EXERCISE DETAILS:
Repeat exactly what appears from the opening line of the listing to the line with "Sušárna a sklad chmele, Žatec, okr. Louny", inclusive.

- - - - -

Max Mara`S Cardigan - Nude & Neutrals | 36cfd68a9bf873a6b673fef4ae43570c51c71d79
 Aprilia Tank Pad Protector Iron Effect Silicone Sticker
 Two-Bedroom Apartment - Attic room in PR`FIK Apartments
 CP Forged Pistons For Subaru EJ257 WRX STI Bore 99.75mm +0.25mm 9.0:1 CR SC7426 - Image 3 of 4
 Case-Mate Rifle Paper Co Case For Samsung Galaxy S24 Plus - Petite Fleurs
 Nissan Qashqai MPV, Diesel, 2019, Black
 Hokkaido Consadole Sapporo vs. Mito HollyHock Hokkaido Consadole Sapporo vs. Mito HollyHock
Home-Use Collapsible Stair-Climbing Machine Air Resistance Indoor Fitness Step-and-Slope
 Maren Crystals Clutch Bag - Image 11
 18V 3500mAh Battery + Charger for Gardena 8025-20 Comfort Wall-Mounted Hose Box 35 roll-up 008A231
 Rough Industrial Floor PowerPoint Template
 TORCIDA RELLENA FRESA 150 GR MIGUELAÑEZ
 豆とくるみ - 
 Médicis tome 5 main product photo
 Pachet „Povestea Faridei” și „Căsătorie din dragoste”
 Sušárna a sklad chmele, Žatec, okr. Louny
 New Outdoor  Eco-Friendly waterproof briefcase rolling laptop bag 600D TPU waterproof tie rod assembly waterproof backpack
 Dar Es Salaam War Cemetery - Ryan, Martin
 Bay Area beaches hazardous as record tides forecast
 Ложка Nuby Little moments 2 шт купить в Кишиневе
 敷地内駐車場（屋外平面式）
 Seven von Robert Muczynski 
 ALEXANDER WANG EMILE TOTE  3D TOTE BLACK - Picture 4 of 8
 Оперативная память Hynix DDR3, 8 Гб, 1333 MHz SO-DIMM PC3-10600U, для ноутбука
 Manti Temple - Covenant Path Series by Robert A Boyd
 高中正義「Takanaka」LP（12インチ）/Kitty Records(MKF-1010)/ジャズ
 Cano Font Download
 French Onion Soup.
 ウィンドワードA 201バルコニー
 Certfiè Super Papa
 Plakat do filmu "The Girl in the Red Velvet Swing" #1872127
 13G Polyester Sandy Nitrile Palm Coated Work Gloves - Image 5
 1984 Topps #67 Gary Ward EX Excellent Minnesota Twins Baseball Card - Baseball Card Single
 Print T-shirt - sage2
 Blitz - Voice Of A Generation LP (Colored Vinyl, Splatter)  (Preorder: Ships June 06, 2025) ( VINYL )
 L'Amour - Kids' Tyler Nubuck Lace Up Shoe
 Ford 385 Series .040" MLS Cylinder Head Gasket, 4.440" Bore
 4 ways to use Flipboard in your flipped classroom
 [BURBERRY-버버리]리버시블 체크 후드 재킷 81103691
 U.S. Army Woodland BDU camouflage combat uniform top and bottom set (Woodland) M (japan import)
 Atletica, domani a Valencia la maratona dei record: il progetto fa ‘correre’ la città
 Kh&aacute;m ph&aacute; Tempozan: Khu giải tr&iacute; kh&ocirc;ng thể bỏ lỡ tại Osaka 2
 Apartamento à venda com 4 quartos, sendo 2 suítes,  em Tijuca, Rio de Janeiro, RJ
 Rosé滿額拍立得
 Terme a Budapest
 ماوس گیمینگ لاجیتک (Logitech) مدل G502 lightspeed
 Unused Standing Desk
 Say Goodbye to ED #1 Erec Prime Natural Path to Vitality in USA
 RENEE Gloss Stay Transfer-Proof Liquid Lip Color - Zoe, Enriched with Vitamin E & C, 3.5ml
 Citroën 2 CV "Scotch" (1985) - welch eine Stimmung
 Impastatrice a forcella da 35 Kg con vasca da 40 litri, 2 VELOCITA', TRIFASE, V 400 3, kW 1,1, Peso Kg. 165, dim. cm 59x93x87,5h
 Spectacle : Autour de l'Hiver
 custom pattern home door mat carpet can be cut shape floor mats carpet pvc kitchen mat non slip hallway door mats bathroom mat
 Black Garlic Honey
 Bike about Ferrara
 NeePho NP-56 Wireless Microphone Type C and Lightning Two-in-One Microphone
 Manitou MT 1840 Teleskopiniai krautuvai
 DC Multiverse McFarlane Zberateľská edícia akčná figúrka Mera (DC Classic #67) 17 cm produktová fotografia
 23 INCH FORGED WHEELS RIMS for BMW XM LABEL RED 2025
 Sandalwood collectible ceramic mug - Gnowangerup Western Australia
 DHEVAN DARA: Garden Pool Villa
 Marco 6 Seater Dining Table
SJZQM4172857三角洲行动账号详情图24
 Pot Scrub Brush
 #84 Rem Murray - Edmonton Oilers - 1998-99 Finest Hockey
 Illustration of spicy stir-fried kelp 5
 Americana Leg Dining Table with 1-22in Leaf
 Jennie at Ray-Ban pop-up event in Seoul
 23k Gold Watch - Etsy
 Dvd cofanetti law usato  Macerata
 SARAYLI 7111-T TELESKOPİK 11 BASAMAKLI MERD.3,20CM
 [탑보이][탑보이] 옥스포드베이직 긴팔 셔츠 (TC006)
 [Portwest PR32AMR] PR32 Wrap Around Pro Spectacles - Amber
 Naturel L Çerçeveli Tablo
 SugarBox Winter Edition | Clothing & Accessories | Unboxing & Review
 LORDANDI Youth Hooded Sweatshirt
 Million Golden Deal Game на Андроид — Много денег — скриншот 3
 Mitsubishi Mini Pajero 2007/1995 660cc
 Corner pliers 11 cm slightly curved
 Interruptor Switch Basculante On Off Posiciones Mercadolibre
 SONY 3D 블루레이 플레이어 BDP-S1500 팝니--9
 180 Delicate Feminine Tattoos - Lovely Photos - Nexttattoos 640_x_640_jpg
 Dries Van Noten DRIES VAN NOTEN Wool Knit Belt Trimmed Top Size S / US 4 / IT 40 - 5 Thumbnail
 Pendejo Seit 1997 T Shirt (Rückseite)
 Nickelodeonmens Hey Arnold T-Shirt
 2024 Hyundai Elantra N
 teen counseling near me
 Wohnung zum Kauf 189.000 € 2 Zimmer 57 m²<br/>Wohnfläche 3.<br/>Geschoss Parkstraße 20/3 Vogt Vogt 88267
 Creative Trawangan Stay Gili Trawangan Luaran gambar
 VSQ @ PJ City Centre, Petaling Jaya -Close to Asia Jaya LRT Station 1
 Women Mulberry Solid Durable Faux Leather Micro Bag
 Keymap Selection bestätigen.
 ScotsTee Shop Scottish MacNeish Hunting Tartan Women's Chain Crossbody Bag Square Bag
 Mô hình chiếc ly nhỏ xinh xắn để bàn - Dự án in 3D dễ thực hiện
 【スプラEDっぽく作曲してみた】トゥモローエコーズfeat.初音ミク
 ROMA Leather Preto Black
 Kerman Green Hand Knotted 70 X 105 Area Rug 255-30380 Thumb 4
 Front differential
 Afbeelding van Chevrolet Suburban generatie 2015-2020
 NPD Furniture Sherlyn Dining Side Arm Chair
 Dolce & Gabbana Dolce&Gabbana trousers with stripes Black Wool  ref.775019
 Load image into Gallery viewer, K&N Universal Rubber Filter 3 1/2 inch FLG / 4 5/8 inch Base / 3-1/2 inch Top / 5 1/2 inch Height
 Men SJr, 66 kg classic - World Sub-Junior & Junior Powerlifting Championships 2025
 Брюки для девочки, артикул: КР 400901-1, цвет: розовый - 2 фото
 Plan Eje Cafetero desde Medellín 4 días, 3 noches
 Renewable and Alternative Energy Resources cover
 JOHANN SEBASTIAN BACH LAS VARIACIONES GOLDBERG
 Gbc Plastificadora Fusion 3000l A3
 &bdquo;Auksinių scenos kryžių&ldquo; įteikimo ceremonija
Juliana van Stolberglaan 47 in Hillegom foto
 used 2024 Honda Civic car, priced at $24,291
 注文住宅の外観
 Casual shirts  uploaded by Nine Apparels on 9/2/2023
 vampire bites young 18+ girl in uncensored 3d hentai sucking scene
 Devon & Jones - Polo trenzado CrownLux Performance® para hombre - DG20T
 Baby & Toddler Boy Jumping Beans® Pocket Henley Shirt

- - - - -

YOUR RESPONSE:
Max Mara`S Cardigan - Nude & Neutrals | 36cfd68a9bf873a6b673fef4ae43570c51c71d79
 Aprilia Tank Pad Protector Iron Effect Silicone Sticker
 Two-Bedroom Apartment - Attic room in PR`FIK Apartments
 CP Forged Pistons For Subaru EJ257 WRX STI Bore 99.75mm +0.25mm 9.0:1 CR SC7426 - Image 3 of 4
 Case-Mate Rifle Paper Co Case For Samsung Galaxy S24 Plus - Petite Fleurs
 Nissan Qashqai MPV, Diesel, 2019, Black
 Hokkaido Consadole Sapporo vs. Mito HollyHock Hokkaido Consadole Sapporo vs. Mito HollyHock
Home-Use Collapsible Stair-Climbing Machine Air Resistance Indoor Fitness Step-and-Slope
 Maren Crystals Clutch Bag - Image 11
 18V 3500mAh Battery + Charger for Gardena 8025-20 Comfort Wall-Mounted Hose Box 35 roll-up 008A231
 Rough Industrial Floor PowerPoint Template
 TORCIDA RELLENA FRESA 150 GR MIGUELAÑEZ
 豆とくるみ - 
 Médicis tome 5 main product photo
 Pachet „Povestea Faridei” și „Căsătorie din dragoste”
 Sušárna a sklad chmele, Žatec, okr. Louny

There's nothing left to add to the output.